> **What is expected**
Each line in the records below, from the one that contains "TAF6 Antibody in Western Blot (WB)" to the one that contains "Human peripheral blood", should be reproduced exactly, the first and last included.

> **Data section**
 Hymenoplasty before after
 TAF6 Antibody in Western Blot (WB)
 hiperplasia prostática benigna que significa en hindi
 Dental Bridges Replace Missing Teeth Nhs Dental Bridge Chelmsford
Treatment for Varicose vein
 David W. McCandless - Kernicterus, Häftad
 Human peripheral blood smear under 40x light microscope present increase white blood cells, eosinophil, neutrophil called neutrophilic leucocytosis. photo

---

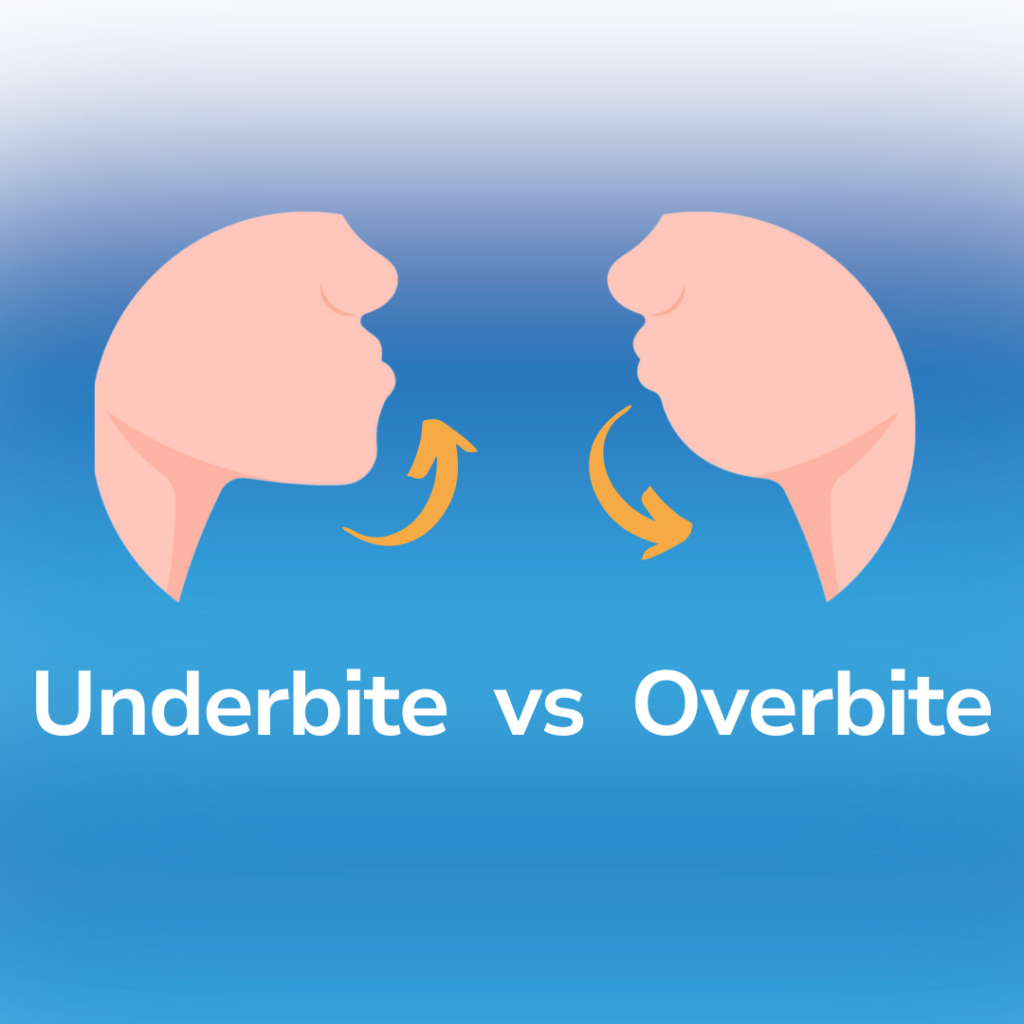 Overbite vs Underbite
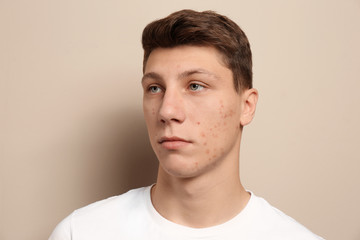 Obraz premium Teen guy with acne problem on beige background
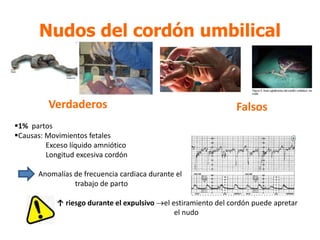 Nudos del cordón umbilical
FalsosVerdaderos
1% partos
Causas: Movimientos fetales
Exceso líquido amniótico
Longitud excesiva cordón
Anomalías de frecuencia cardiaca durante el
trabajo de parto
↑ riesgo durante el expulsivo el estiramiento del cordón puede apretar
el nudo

--

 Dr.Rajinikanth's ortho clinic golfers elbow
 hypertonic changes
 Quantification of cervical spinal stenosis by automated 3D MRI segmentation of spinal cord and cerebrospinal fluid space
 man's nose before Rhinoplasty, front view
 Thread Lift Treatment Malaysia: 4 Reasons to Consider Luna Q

> **Solution**
 TAF6 Antibody in Western Blot (WB)
 hiperplasia prostática benigna que significa en hindi
 Dental Bridges Replace Missing Teeth Nhs Dental Bridge Chelmsford
Treatment for Varicose vein
 David W. McCandless - Kernicterus, Häftad
 Human peripheral blood smear under 40x light microscope present increase white blood cells, eosinophil, neutrophil called neutrophilic leucocytosis. photo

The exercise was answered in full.